Top of The data

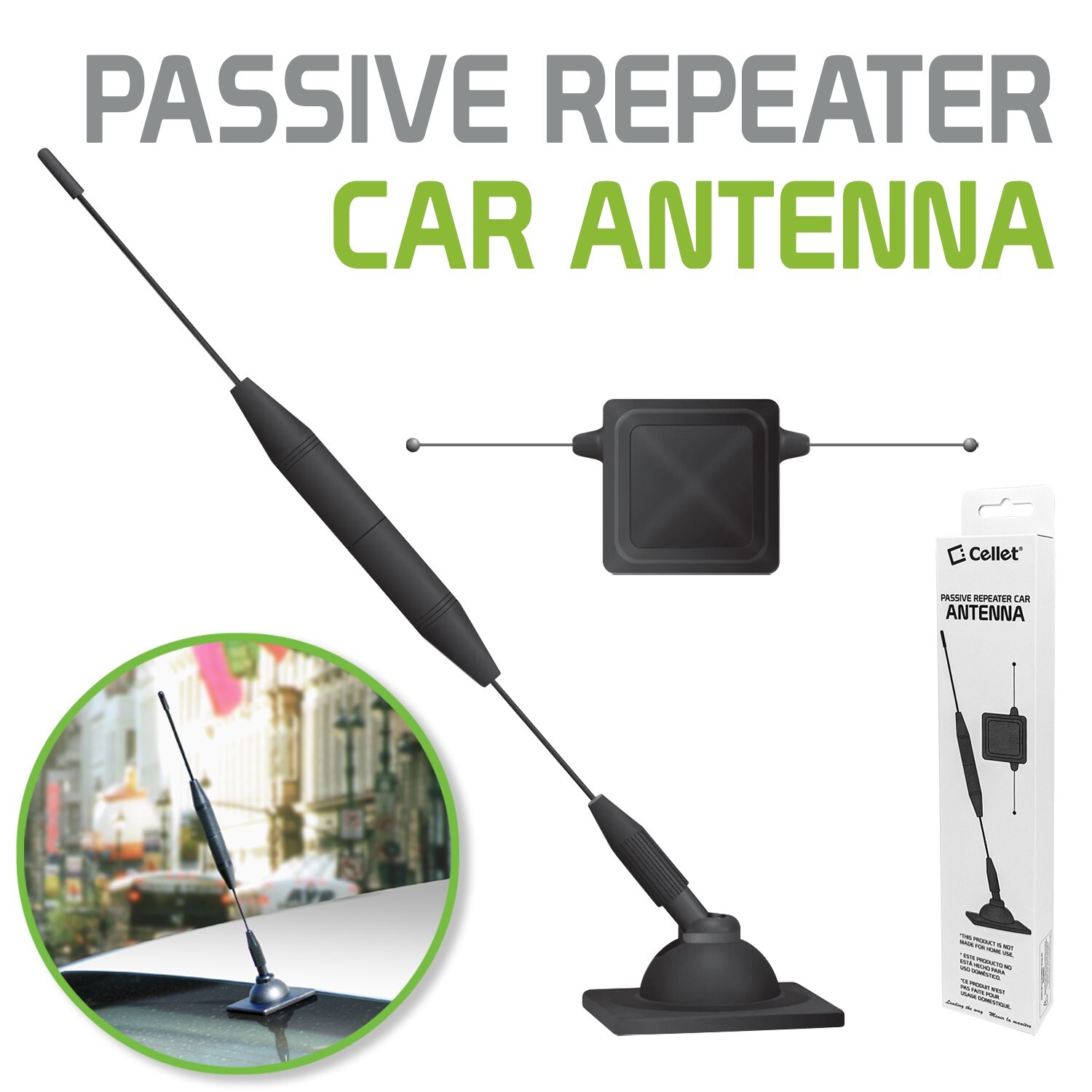 Cellet Cell Phone Signal Booster Car Mount Passive Repeater Antenna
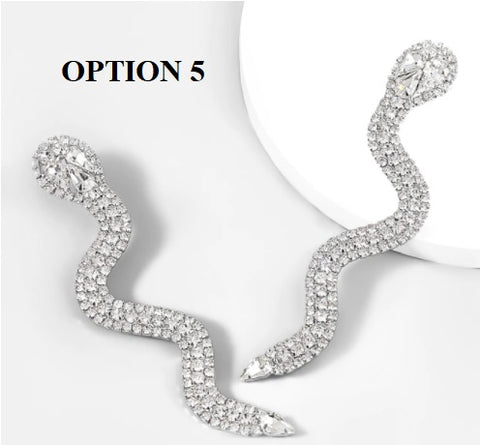 New Snake Shape Shiny Rhinestone Earrings CODE: KAR1392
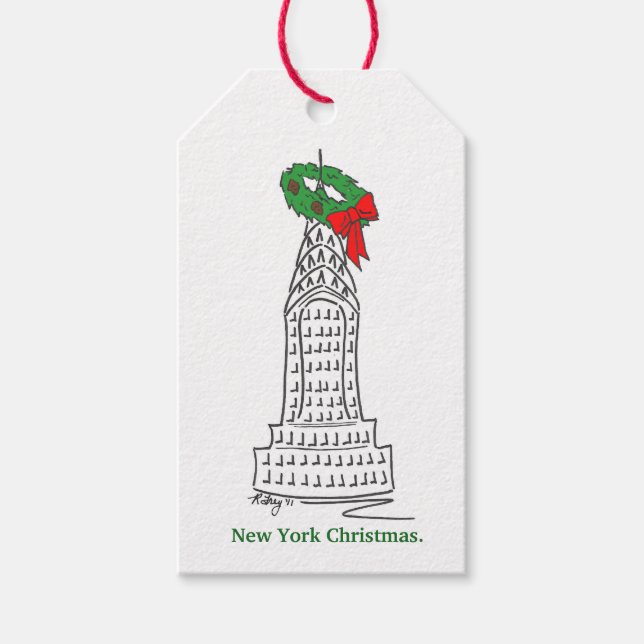 Étiquettes-cadeau New York Christmas NYC Skyscraper Holiday Wreath (Devant)
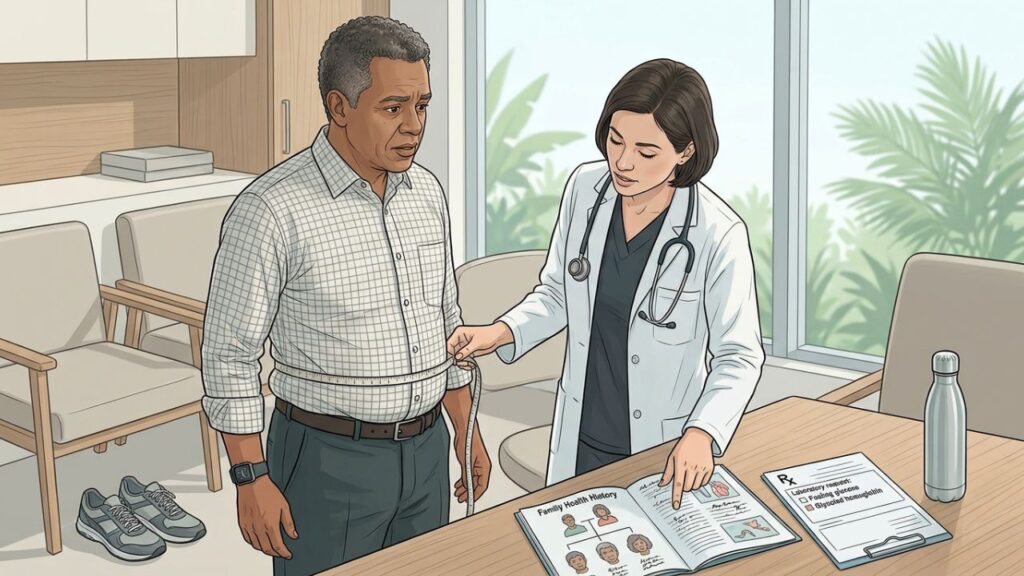 Circunferência abdominal e histórico familiar ajudam a identificar risco metabólico precoce.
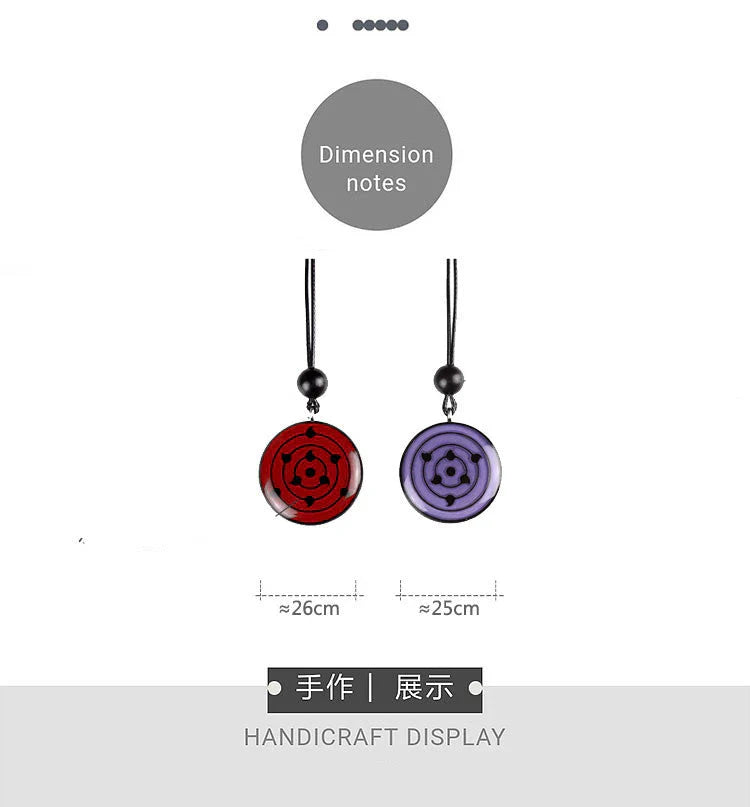 Ručně vyřezávaná sada přívěsků Sharingan Necklace z přírodního santalového dřeva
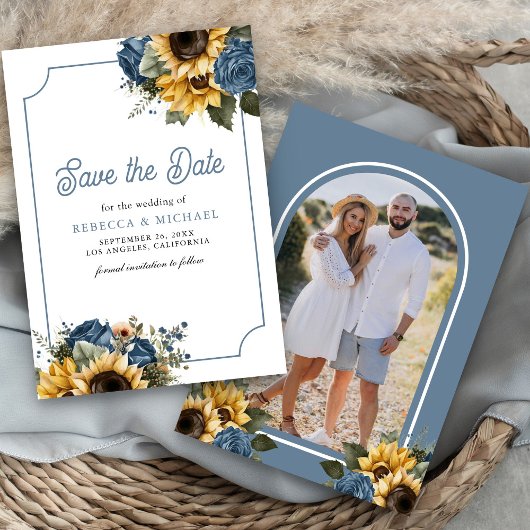 Dusty Blue Rozen Zonnebloemen Fotobruiloft Save The Date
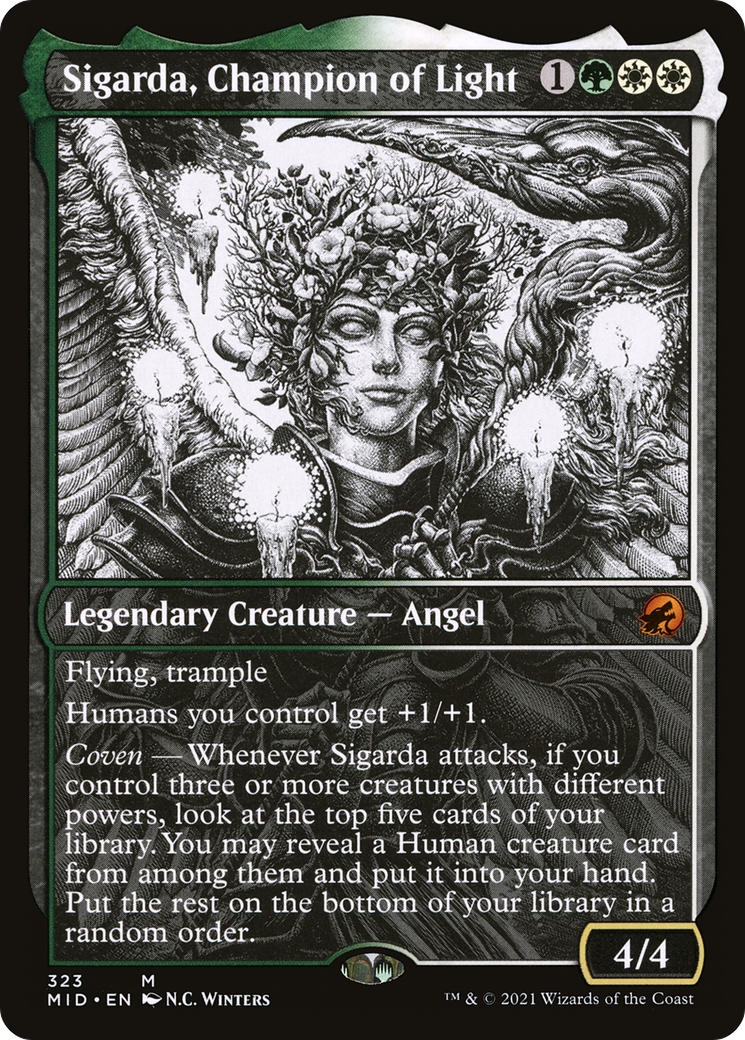 Sigarda, Champion of Light (MID-323) - Innistrad: Midnight Hunt: (Showcase) - Premium MTG Single from Wizards of the Coast - Just $0.10! Shop now at Game Crave Tournament Store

Bottom of The data

■ Problem: Begin with the line containing "Dusty Blue Rozen" and end with the last line of the entries above. Copy those lines exactly, both ends included, and drop every picture.

■ Solution to the exercise:
 Dusty Blue Rozen Zonnebloemen Fotobruiloft Save The Date
 Sigarda, Champion of Light (MID-323) - Innistrad: Midnight Hunt: (Showcase) - Premium MTG Single from Wizards of the Coast - Just $0.10! Shop now at Game Crave Tournament Store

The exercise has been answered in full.